The entries are to be reproduced verbatim, and their pictures left out.

START Data extracts

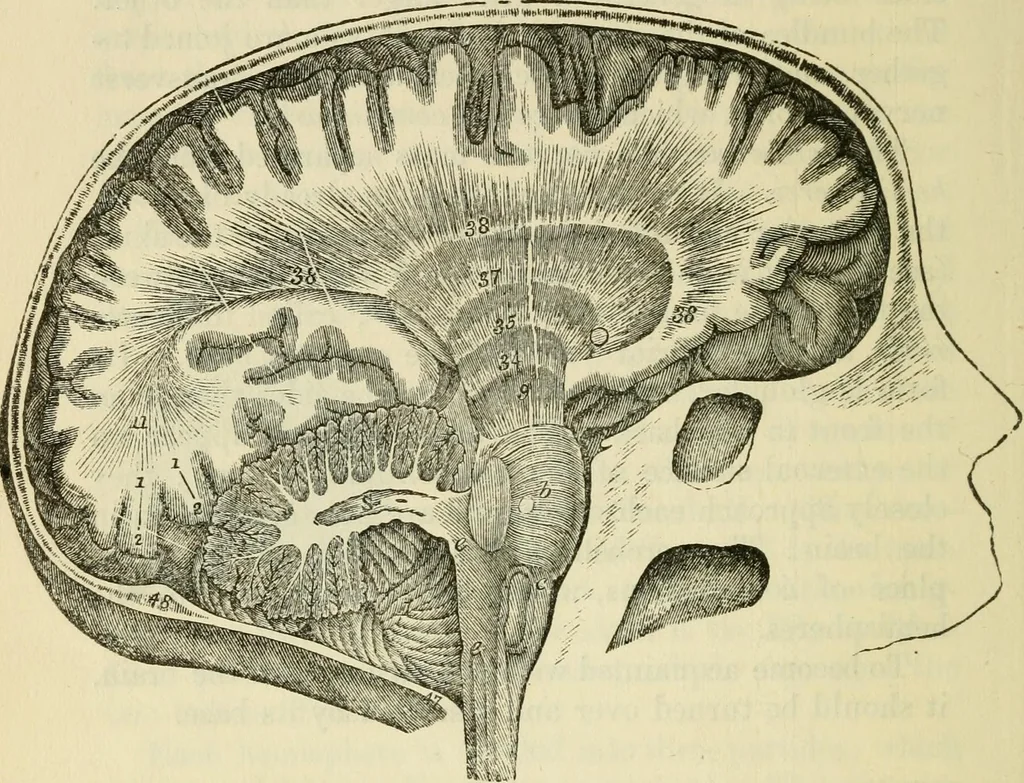 An illustration from Elements of phrenology, 1850, leaf 64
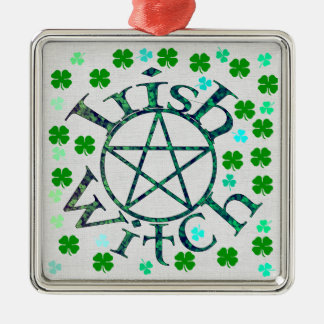 Irish Witch Metal Tree Decoration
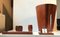 Mid-Century Danish Teak Desk Set with Waste Basket, Set of 5, Image 6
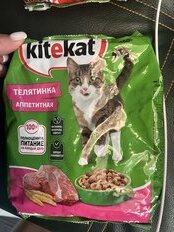 Корм для животных Kitekat, 350 г, для взрослых кошек, сухой, аппетитная телятинка, пакет, 10132145 - фото 9 от пользователя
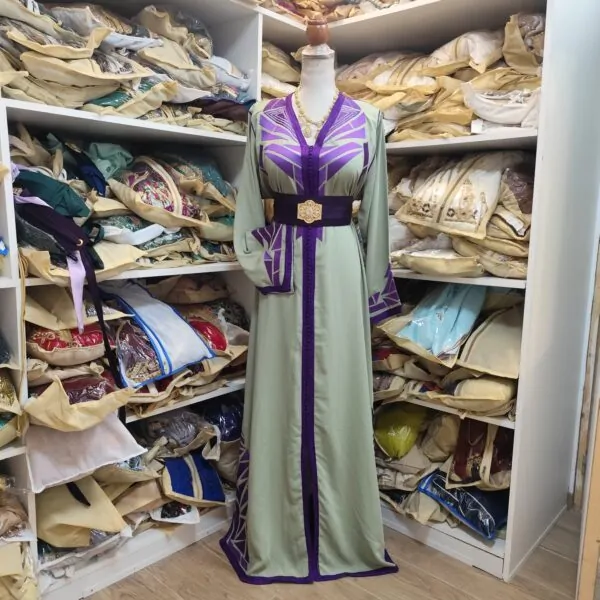 caftan marocain porté une fois — photo 11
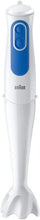 Braun MultiQuick 3 MQ3025 Hand Blender, Omelette Mixer, 2 Speeds, Splash Control, Dishwasher Safe parts, 350ml Chopper, Whisk and BPA-Free Plastic Beaker - White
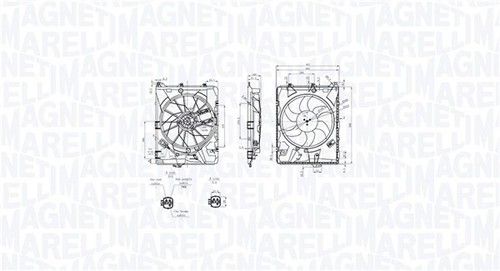 FAN RADIATOR 069422849010 FOR BMW X1/E84 N46B20B/CC/CD/E/BD/C 2.0L N45B16 1.6L - Picture 2 of 6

END Data extracts

§ **Answer to the exercise**:
 An illustration from Elements of phrenology, 1850, leaf 64
 Irish Witch Metal Tree Decoration
 Mid-Century Danish Teak Desk Set with Waste Basket, Set of 5, Image 6
 Корм для животных Kitekat, 350 г, для взрослых кошек, сухой, аппетитная телятинка, пакет, 10132145 - фото 9 от пользователя
 caftan marocain porté une fois — photo 11
 Braun MultiQuick 3 MQ3025 Hand Blender, Omelette Mixer, 2 Speeds, Splash Control, Dishwasher Safe parts, 350ml Chopper, Whisk and BPA-Free Plastic Beaker - White
 FAN RADIATOR 069422849010 FOR BMW X1/E84 N46B20B/CC/CD/E/BD/C 2.0L N45B16 1.6L - Picture 2 of 6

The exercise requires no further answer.